The large number of tests that covers small sections of the code allows any section of the code to be rewritten, to improve either the quality or performance of the code. After the code has been refactored, all tests are run to prevent degradation of quality due to the introduction of errors.
(b) The computational infrastructure employed by Chaste
The latest version of the Chaste software is stored on a central server equipped with the Subversion (http://subversion.tigris.org) version control system and backed up to central university resources. Any development is carried out by a pair of programmers ‘checking out’ the latest version—i.e. copying the latest version onto their local machine. When incremental development has been successfully carried out on the local machine, the code is ‘checked in’—any alterations made on the local machine are duplicated on the latest version of Chaste stored on the central server. As more than one pair of developers may be working on the code at a given time, checking in code may introduce incompatibilities in the latest version stored on the central server. These incompatibilities are eradicated by ensuring all tests submitted pass before any more codes may be checked in.

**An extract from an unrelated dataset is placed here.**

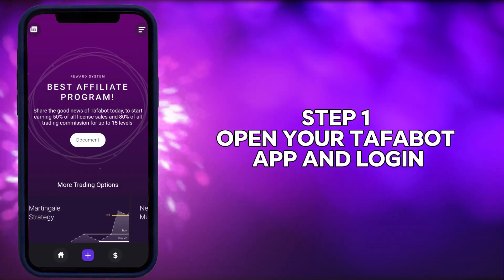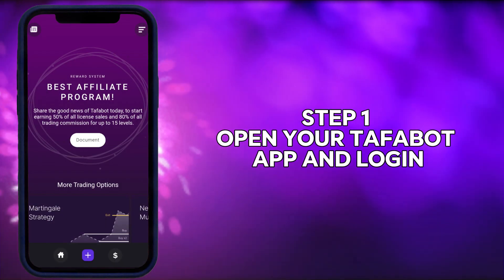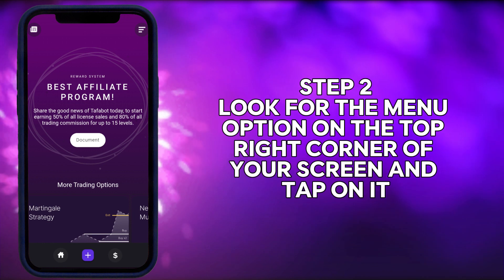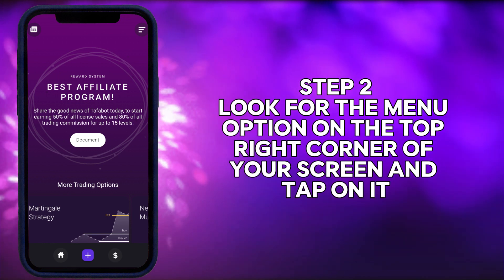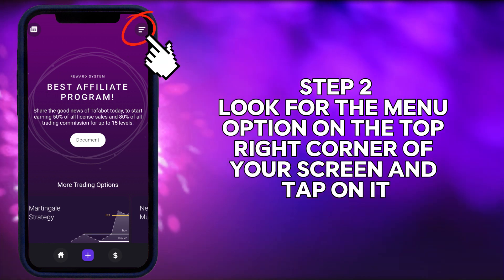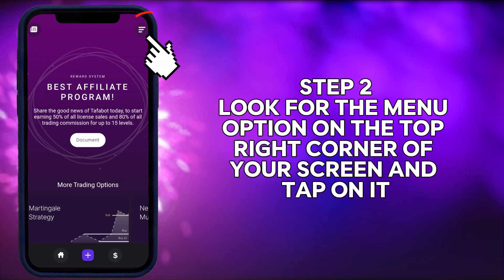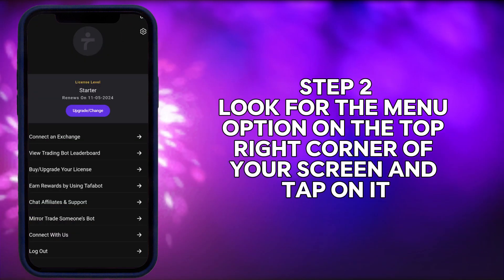Step 1. Open your Tafibot app and log in. Step 2. Look for the menu option on the top right corner of your screen and tap on it.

Many established tools and libraries are used by the Chaste project. Progress with individual programming tasks is tracked using the Trac project management tool (http://trac.edgewall.org). Chaste developers use the Eclipse development environment (http://www.eclipse.org) for code development, CxxTest (http://cxxtest.sourceforge.net) for unit testing and the SCons software construction tool (http://www.scons.org) for build automation. See Pitt-Francis et al. (2008) for more details.

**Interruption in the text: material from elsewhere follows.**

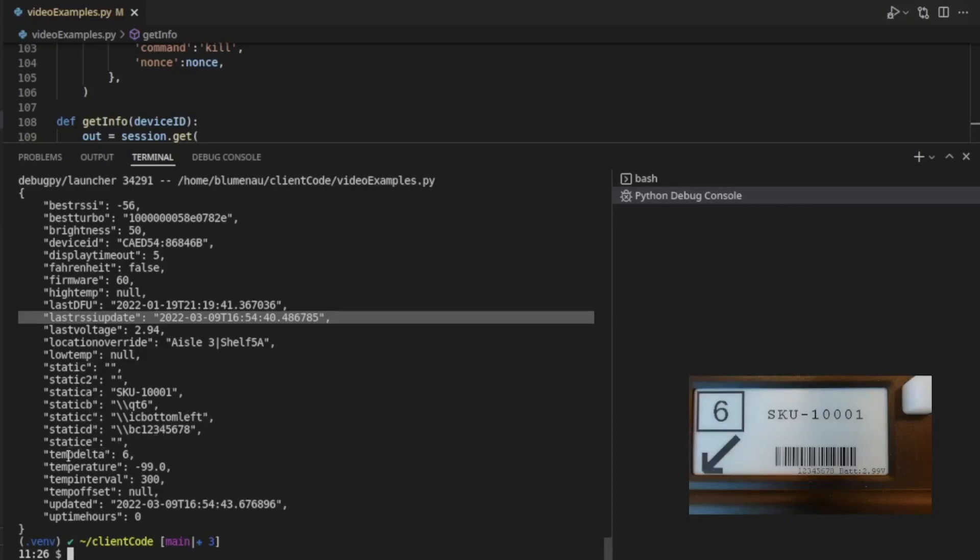Again, these temperature values you can ignore. If you're using temperature, contact us, and we can tell you more about these values and what their meaning is. And this is the number of hours that this device has been running. This is a very important number.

Rather than developing our own mathematical libraries from scratch, we use established, maintained libraries where possible. Large linear systems are solved using the PETSc parallel and sequential libraries (http://www.mcs.anl.gov/petsc). The BoostUBLAS C++ libraries (http://www.boost.org/) are used for the smaller vectors and matrices that arise from assembling the contribution to the global system from a single element.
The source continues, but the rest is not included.